**Brief:**
Return the listing exactly, please; no pictures.

**Data segment:**

= = = = =

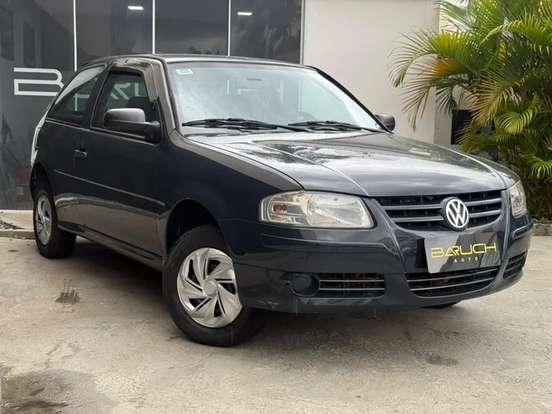 VOLKSWAGEN-GOL-1.0 MI 8V FLEX 2P MANUAL G.IV VOLKSWAGEN-GOL-2013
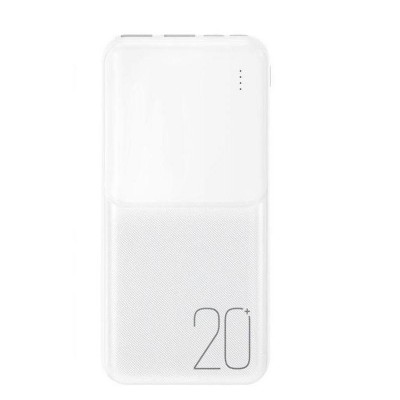 УМБ XO PR252 20000mAh White (XK-PR252-WH)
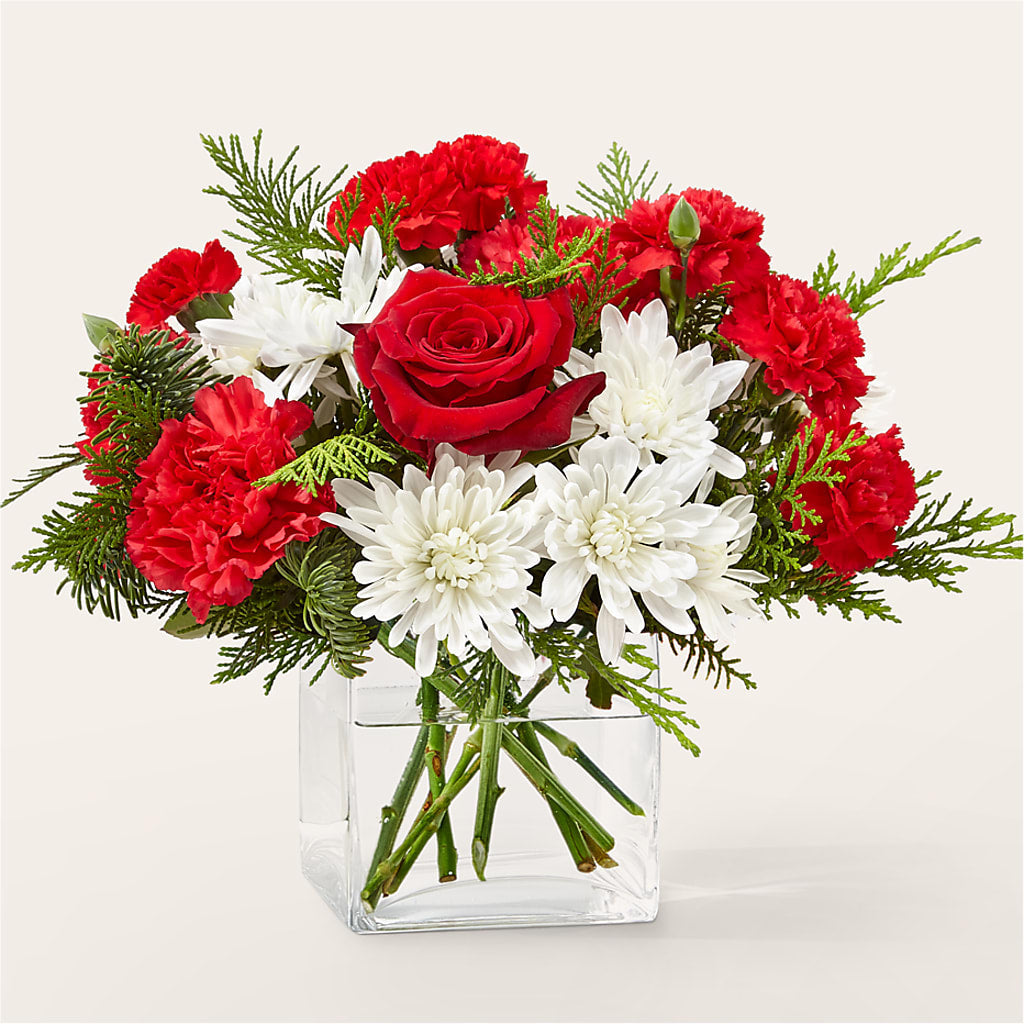 Peppermint Chill Bouquet – Charleston Cut Flower Company, Charleston WV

= = = = =

**Your response:**
 VOLKSWAGEN-GOL-1.0 MI 8V FLEX 2P MANUAL G.IV VOLKSWAGEN-GOL-2013
 УМБ XO PR252 20000mAh White (XK-PR252-WH)
 Peppermint Chill Bouquet – Charleston Cut Flower Company, Charleston WV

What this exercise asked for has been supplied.